Los lectores podrían ser distraídos en el sentido llano de la palabra, como lo son de manera más evidente los que miran el televisor o cabalgan en las redes invisibles que tiende el teléfono celular en un vistazo: dan la apariencia de un ostracismo frágil, de un estar insensibles al tacto de la palabra ajena. Pero la distracción de la lectura es apenas comparable a los otros casos. Requiere del ocio, pero también de una exigencia sensual que las otras opciones no tienen, al grado de que su apariencia de distracción se enriquece con algo inesperado en el silencio y la quietud que requiere el barro reacio del alma, un placer que vive alimentándose de algo más que la curiosidad o la gracia fugaz, aunque no sea ajena a ellas. La distracción es apetecible, sensual, sugerente, lo que indica que el deseo de perseguirla no es ciego, aunque sí puede ser impertinente, desconsiderado, destemplado. El placer de leer es paralelo al de pensar. Como la distracción del sabio de Mileto, parece éste risible por contrastar la magra apariencia de la inteligencia con el desatino de no ver el suelo por el que pisa, aunque después demuestre que la risa delata con mayor frecuencia a los incautos que a los sapientes. Un distraído de verdad no pasa la prueba del pensar, como si su miel le fuera amarga. 

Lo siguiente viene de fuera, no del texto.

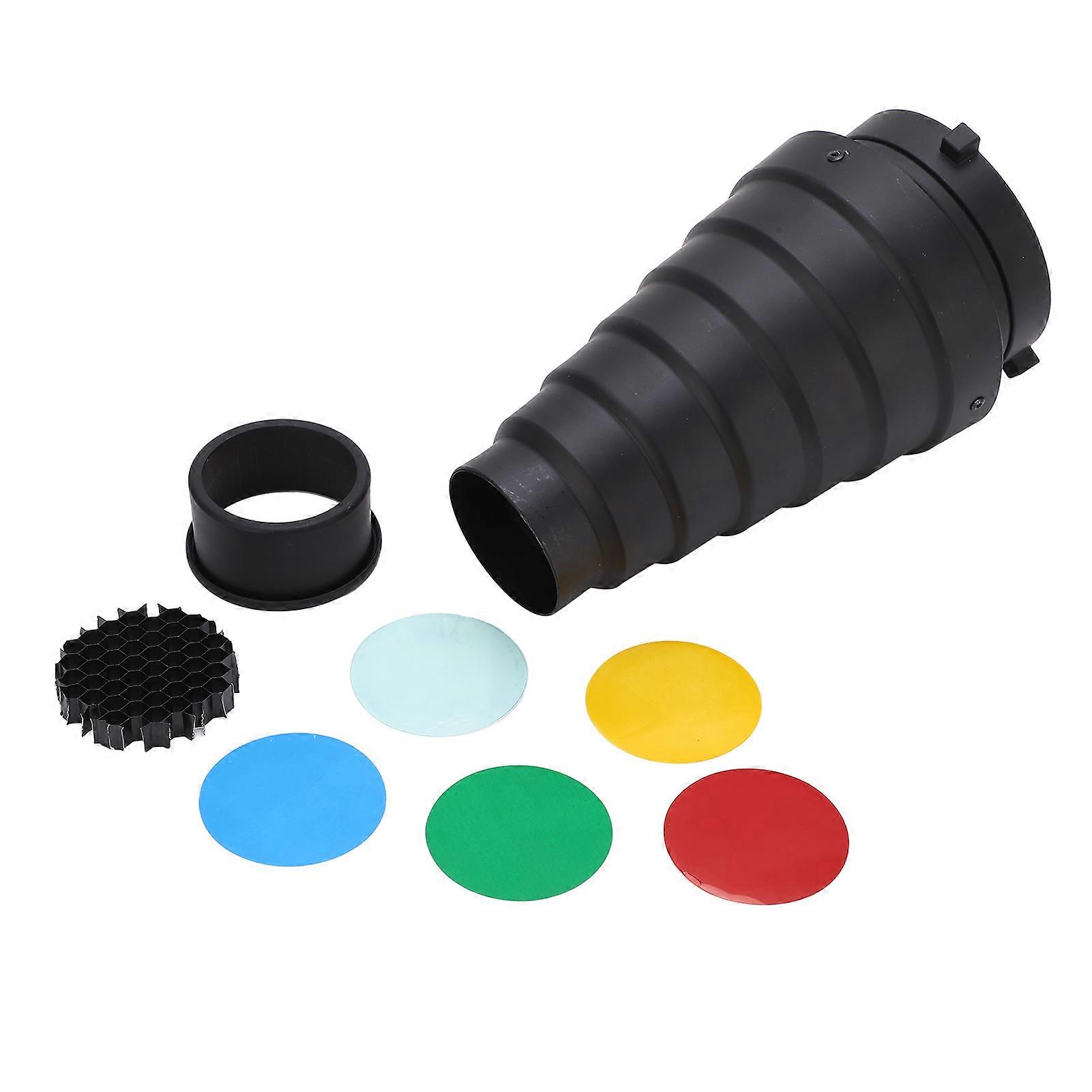 Conical Flash Snoot Mount Kit, Optical Photography Flash Condenser Tube for Photo and Video Studio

El acto de pensar parece distracción porque no sobrevive ni un poco en el estallido de las diversiones cotidianas, en la palabra que renuncia a sí misma para convertirse en un grito. Leer rápido, devorar la carne de las hojas en vez de hacerlas nuestra carne es casi un crimen. No se lee ni se piensa para memorizarlo todo, para saberlo todo, lo cual no es posible para el hombre, sino para comprender lo que cada pensamiento ofrece al hombre, que siempre mira todo desde su pensamiento, su memoria, sus palabras que no lo limitan, sino que le van permitiendo otros descubrimientos. La distracción aparente de la lectura es un espejismo que se desvanece en cuanto se nota que la mirada absorta en una página vuelve los ojos a nuestras entrañas para descifrar nuestros primeros pensamientos, nuestros acercamientos para conversar con alguien más. Ese placer no perdona interrupciones: las horas consumidas en lo profano parecen reprobarnos. No digo las horas dedicadas a lo cotidiano, que el pensar no es tal si no llega a alumbrar la cotidianidad.